What is expected:
Everything in the listing below should be written out again exactly, except the pictures.

Data extract:
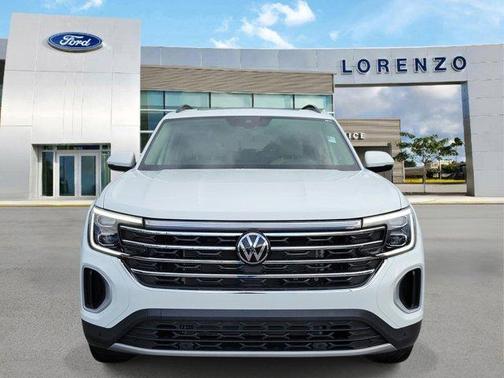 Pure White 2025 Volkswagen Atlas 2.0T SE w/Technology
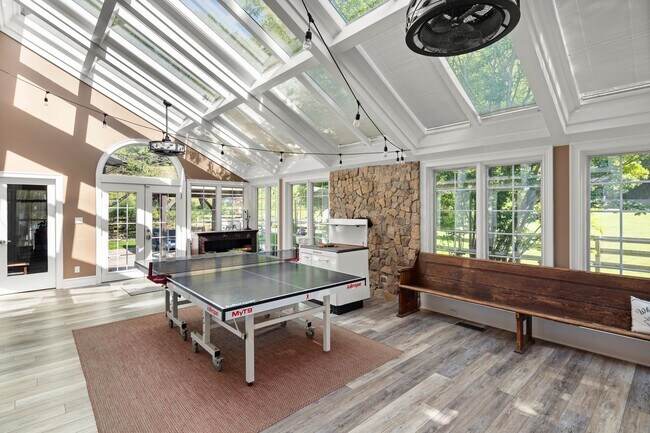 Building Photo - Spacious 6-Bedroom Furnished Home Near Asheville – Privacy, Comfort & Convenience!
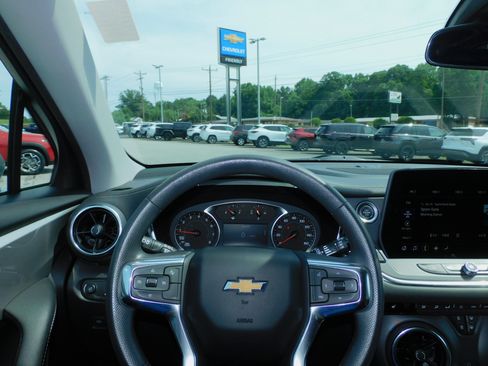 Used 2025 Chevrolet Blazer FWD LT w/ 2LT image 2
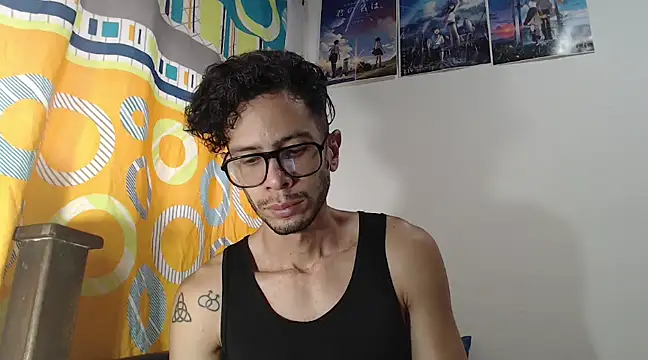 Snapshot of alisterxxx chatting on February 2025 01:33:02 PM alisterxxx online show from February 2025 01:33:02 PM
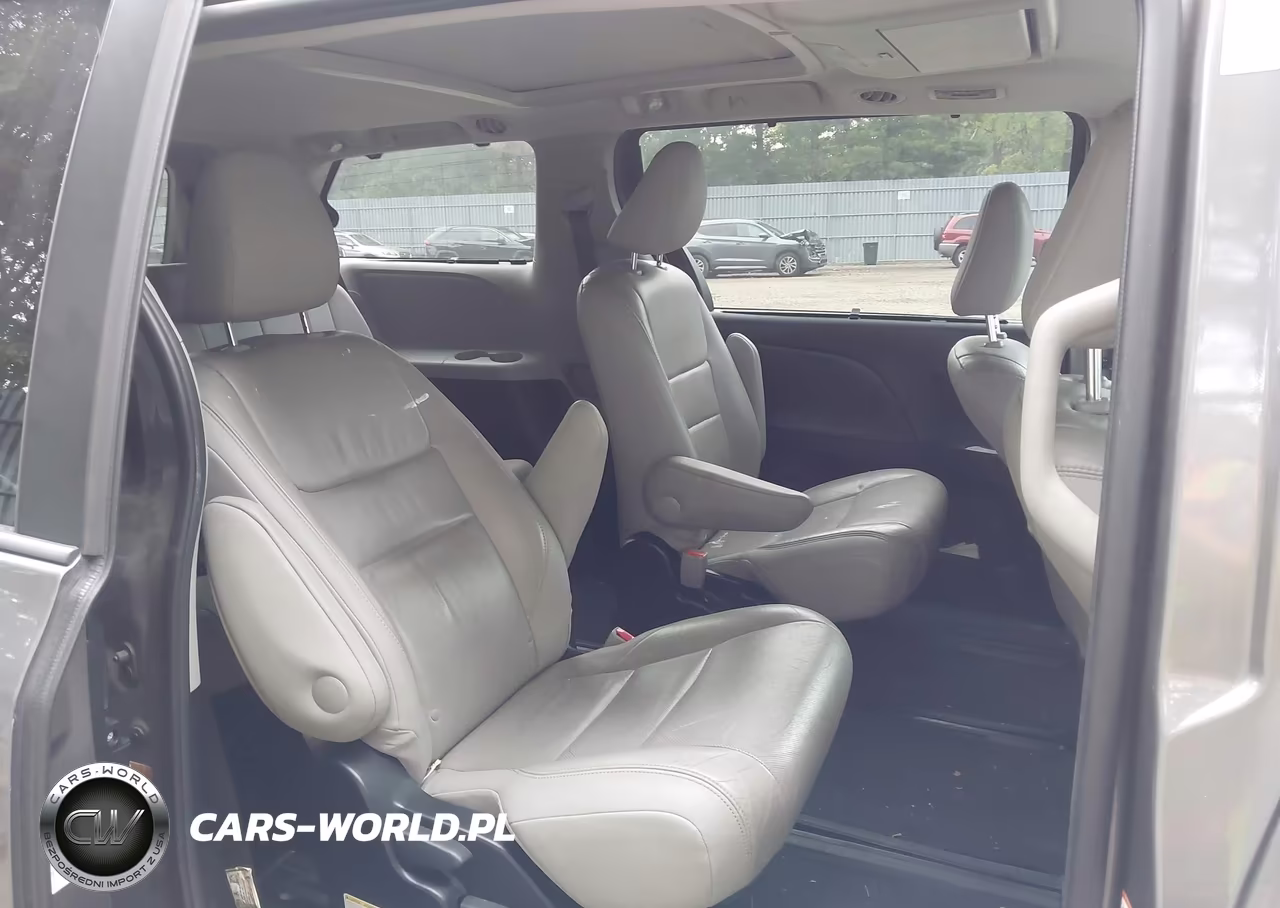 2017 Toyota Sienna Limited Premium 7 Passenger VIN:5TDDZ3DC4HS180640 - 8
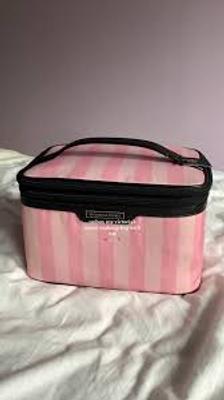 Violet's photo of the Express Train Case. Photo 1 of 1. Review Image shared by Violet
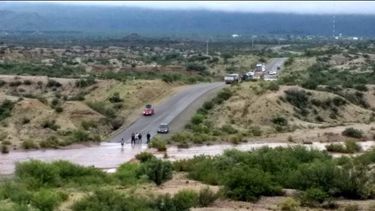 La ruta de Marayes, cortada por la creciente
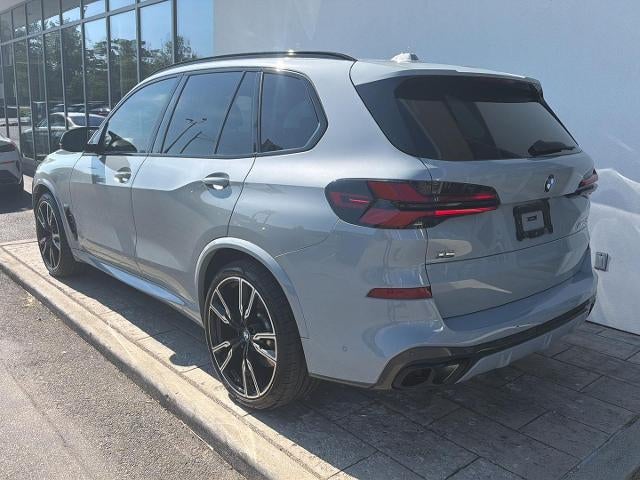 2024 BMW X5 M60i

Answer to the problem:
 Pure White 2025 Volkswagen Atlas 2.0T SE w/Technology
 Building Photo - Spacious 6-Bedroom Furnished Home Near Asheville – Privacy, Comfort & Convenience!
 Used 2025 Chevrolet Blazer FWD LT w/ 2LT image 2
 Snapshot of alisterxxx chatting on February 2025 01:33:02 PM alisterxxx online show from February 2025 01:33:02 PM
 2017 Toyota Sienna Limited Premium 7 Passenger VIN:5TDDZ3DC4HS180640 - 8
 Violet's photo of the Express Train Case. Photo 1 of 1. Review Image shared by Violet
 La ruta de Marayes, cortada por la creciente
 2024 BMW X5 M60i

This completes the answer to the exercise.